1 There will always be people willing to work for you for free or next to nothing — whether it’s because they consider it to be a good experience, they have time on their hands, or they are your family and friends. If you find a person who is an expert at the role in question, you’ve won the lottery. But in many cases, you may find yourself let down. Take design, for example. Before I started Baking for Good, I paid next to nothing — about a hundred dollars — for a friend to design my logo. No offense to my friend, but the logo was terrible. I didn’t really know any better, and I was very cautious about spending money, so I went with it. But a few months later, a mentor gave me great advice: “You only get one shot when you’re launching your brand, so invest in the important stuff like the logo and design.” I took a step back and realized that I needed to bring in a professional, someone who would have the time to really help me envision my brand and then bring it to life.
Looking back, what I would have done instead when my friend offered to help was ask her not to design my logo, but to brainstorm a few different ideas for the logo font or style so that I would have a better idea of my vision when I worked with a professional designer. Instead, I came to my designer with a blank slate and spent a lot of time in the “discovery” phase before we got to the real design work.
When outsourcing work, find partners who believe in you.
2 Since Baking for Good is a small, bootstrapping company, I’ve had to outsource many of the core roles of the business. Web development in particular was an area that I had to outsource, because I could not afford to bring on a full-time developer. The decision about which firm to work for came down to two contenders: a super professional, buttoned-up firm that delivered its proposals on-time and was responsive to feedback, and a laid-back, creative agency that took a while to write me a proposal but really “got” my idea and inherently believed in it.
At first, both firms came to me with quotes that were way out of my budget. The first firm helped me eliminate features in order to bring the price down. The second firm brought the price down significantly without changing any of the specs and then asked me to propose payment terms that would work for me.
I went with the second firm, and although there were frustrations along the way, they built an amazing site for me and have been willing to continue to work within my limited budget, even if it means that they have to cut their rates significantly to do so. I know that if I had worked with the first firm, subsequent Web changes and developments would have been difficult, if not impossible, for me to afford. By choosing to work with the second firm — the one that believed in Baking for Good and was committed to helping it succeed — I got world-class service without having to stretch my budget.
Think before you print.
3 One of my biggest regrets with the lead-up to Baking for Good’s launch was having ingredients stickers printed for the treats we were planning to sell. My designers envisioned cookie favors that would have a small Baking for Good sticker on the front and an ingredients sticker on the back. Since “www.bakingforgood.com” was already on the front, we didn’t include it on the ingredients sticker for the back. To achieve economies of scale and save money long-term, I decided to have thousands of the stickers printed. Well, guess what? I’ve never used them, for a whole slew of reasons:
- Many of the favors we do are for special events like weddings or birthday parties, so our customers want to do custom stickers instead of our standard ones.

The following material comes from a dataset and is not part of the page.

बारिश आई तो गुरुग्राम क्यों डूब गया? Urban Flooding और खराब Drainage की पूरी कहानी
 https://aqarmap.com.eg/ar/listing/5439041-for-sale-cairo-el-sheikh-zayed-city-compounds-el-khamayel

- We ended up changing the recipes for some of the treats soon after launch, making the ingredients no longer accurate.
- I had no use for the stickers on their own because they didn’t have our name or website on them.

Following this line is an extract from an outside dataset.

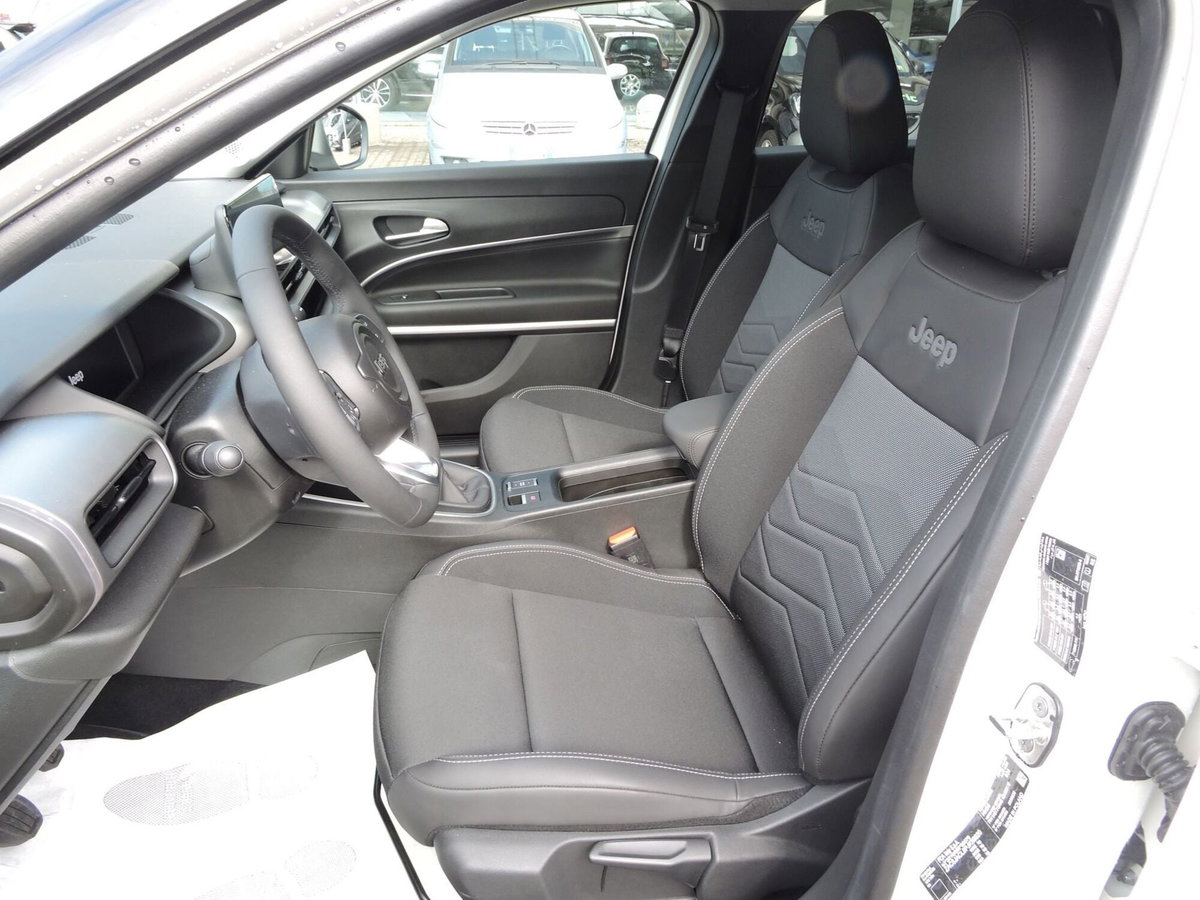 Jeep Avenger 1.2 turbo Summit fwd 100cv (13)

Now I’m very cautious about what I print. I always try to do a small-scale version of what I want to have done professionally and try it out to see if it works, see how I want to change it, etc. It sounds intuitive that you should test things before spending money on them. But, you would be surprised how many times clients ask for something special printed for custom gifts we do for them, only to realize they want to change the messaging or the design and then have to start over. So before you make any important, expensive decisions, do a small-scale test drive first!
What are some bootstrapping tips that have worked for your organization?